___ RECORD EXCERPTS

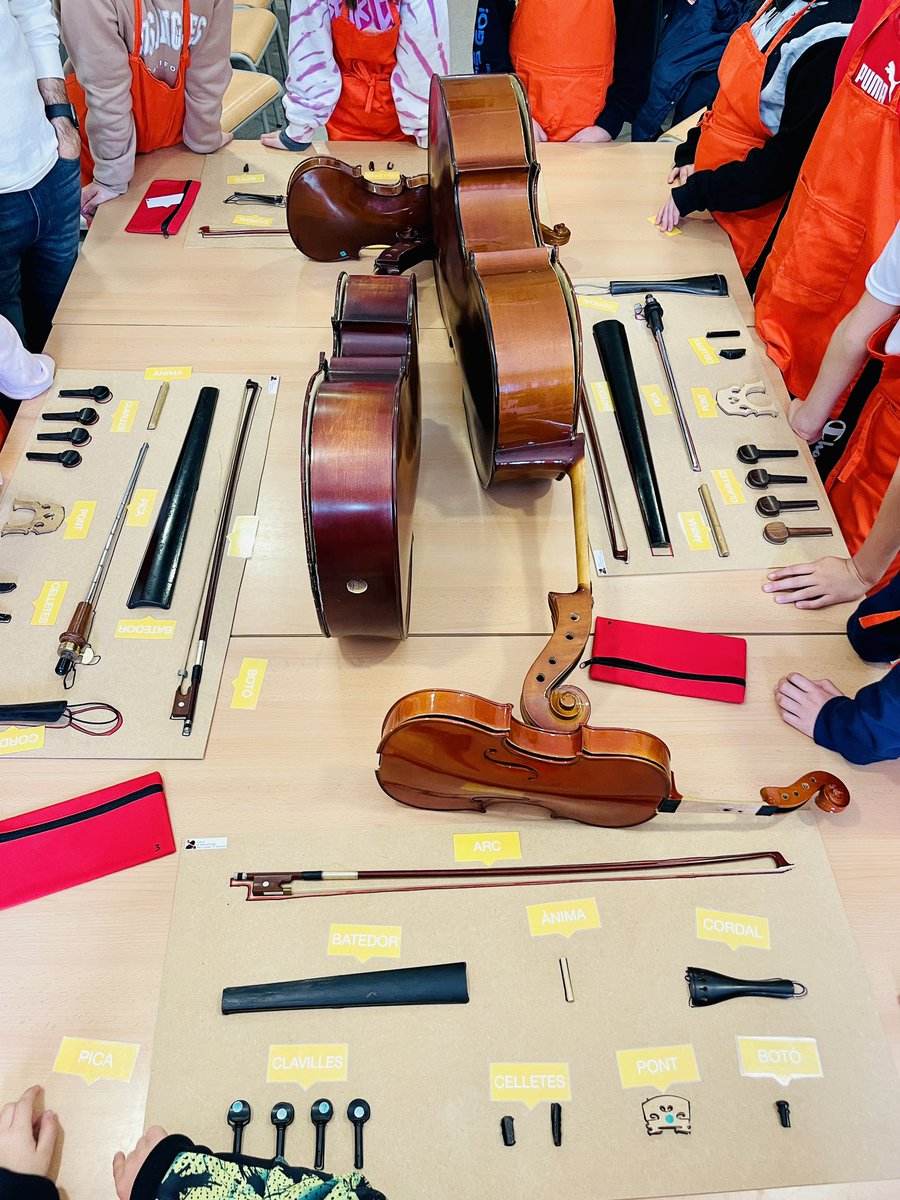 fragosusmarkus's tweet photo. Tercer dia al @cdapaucasals amb els de 4t de @escolacamins Avui ens iniciem en el món dels Luthiers arribant a l’ànima dels instruments. Gaudim també aprenent amb en Joan i el seu violoncel. La narració musicada d’en Josep ens ha fet despertar la música #somprojecte #somCamins https://t.co/eK7Xp3ZgNi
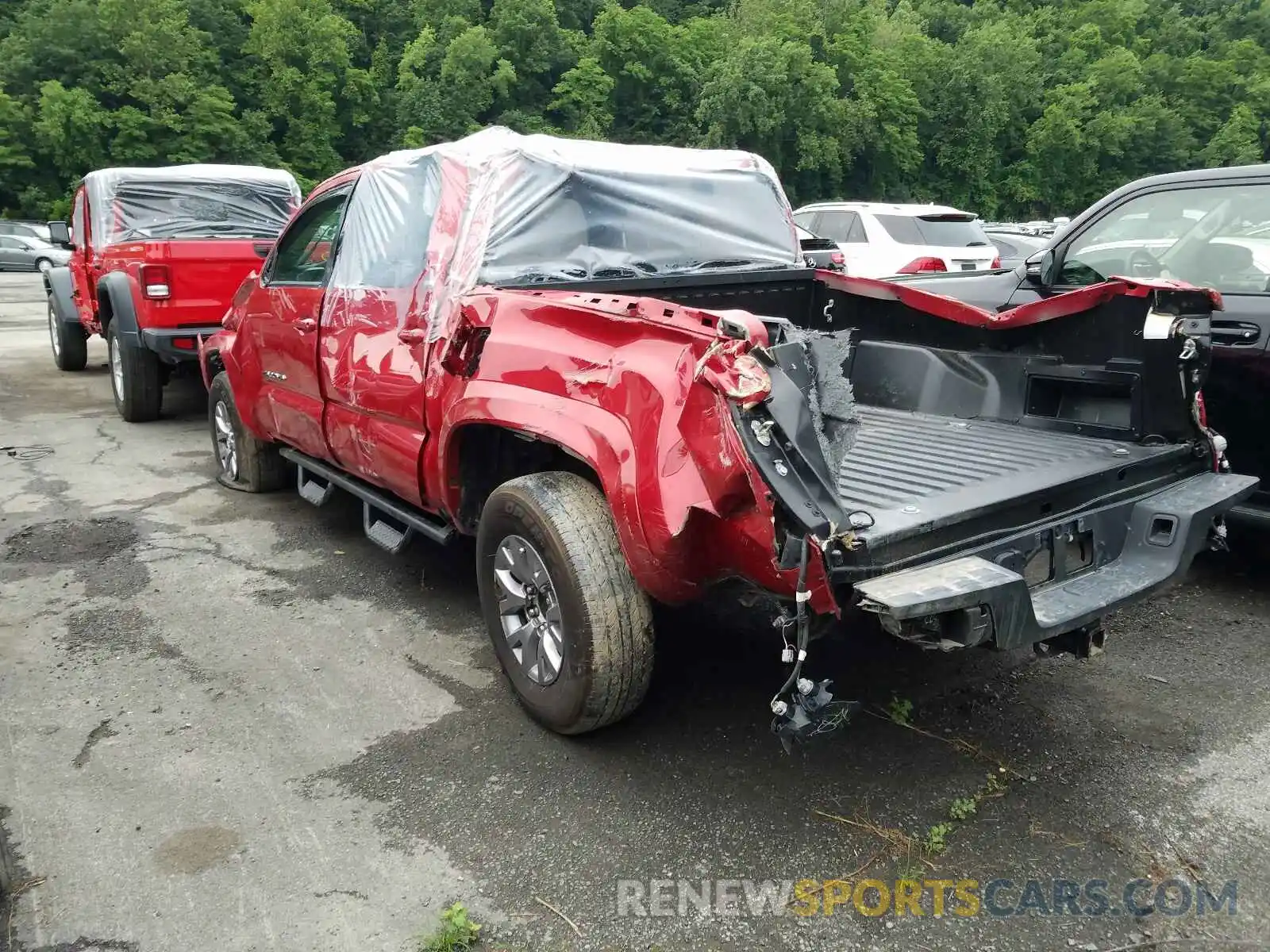 3 Photograph of a damaged car 5TFCZ5AN2KX190470 TOYOTA TACOMA 2019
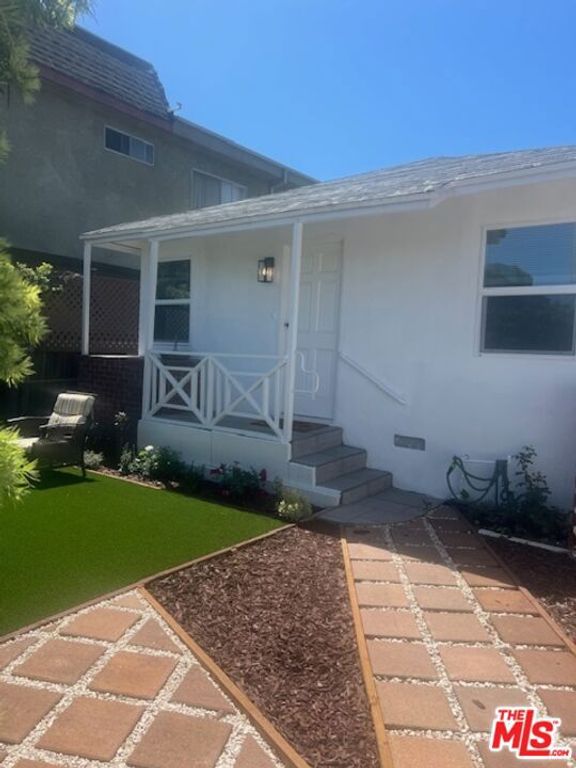 2575 S Barrington Avenue, Los Angeles, CA 90064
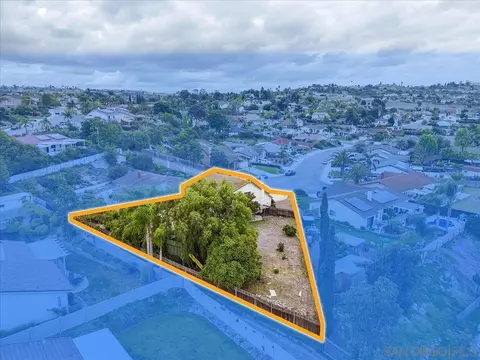 View/Area - 5356 Malcolm St, Oceanside, CA 92056 photo 3 of 6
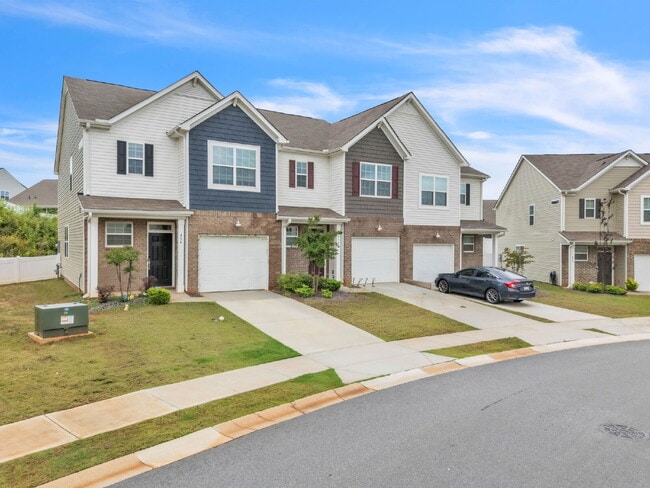 Photo - Stylish 3BR/2.5BA Craftsman Townhome with Modern Finishes in Pendleton! $1,700/mo rent Unit A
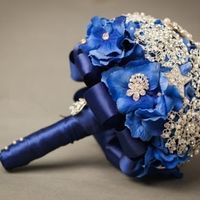 O que vocês acham dos buquês de broches?? - 8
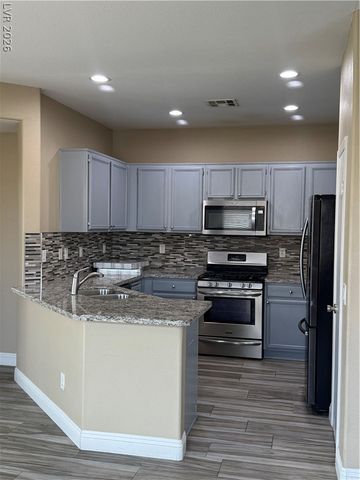 5615 Doe Springs Place, North Las Vegas, NV 89031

______

Only the lines from the one containing "View/Area - 5356" to the end of the listing belong in the answer, exactly as they stand and with no pictures.

 View/Area - 5356 Malcolm St, Oceanside, CA 92056 photo 3 of 6
 Photo - Stylish 3BR/2.5BA Craftsman Townhome with Modern Finishes in Pendleton! $1,700/mo rent Unit A
 O que vocês acham dos buquês de broches?? - 8
 5615 Doe Springs Place, North Las Vegas, NV 89031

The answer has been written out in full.